The people who claim to advocate medical tort reform don't seem to understand what it entails. Aside from a half-dozen sociopaths, I'm not aware of anyone who is saying that doctors and hospitals should not be held to any standard of professional care and accountability. The overwhelming cost of dealing with medical malpractice arises because there is malpractice. Not all of the cost of malpractice is recovered from doctors. Many patients are suffering today because of medical malpractice and they got nothing for it. Malpractice and the subsequent expense of malpractice will not disappear unless doctors start to clean up their act.
The proposals that are most loudly bandied about are to cap non-economic damages. The reality is that much of the money awarded for pain and suffering is used to pay the lawyer. Rarely does a victim of malpractice get made completely whole. Far more rare is the event that the victim or an heir manages to get rich. Estimates about how much will be saved seem not to match the actual observed costs. The GOP advocates are attacking trial lawyers. They don't care about the victims of malpractice.

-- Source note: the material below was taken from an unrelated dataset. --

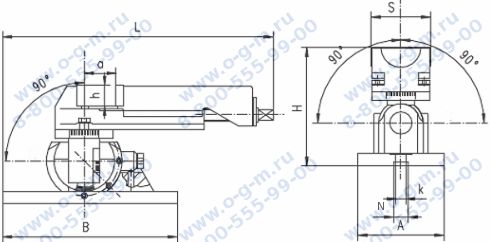 Чертеж к тискам станочных BISON 6523-155L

Yes, it is troubling that pain and suffering tends to be the euphemism for legal bills. Yes, there may be a few cases that had runaway juries. It doesn't matter. Reform would need to include direct recovery for legal costs. It needs to make sure that the victim of medical malpractice is made whole. The states that tried reform didn't see much change in the cost of medical malpractice insurance.
Doctors who claim to be over-treating because they are 'afraid of being sued' are either incredibly ignorant or totally dishonest. Treating to the standard of care is a defense in a malpractice case. It's not always a perfect defense because it may turn out that the local standard of care is not adequate and that others do much better. Over-treating is almost always to improve the doctor's bottom line. I would not believe any doctor who told me that he routinely over-treated because he was afraid of being sued. I wouldn't go to such a doctor or trust him to provide competent, honest medical care.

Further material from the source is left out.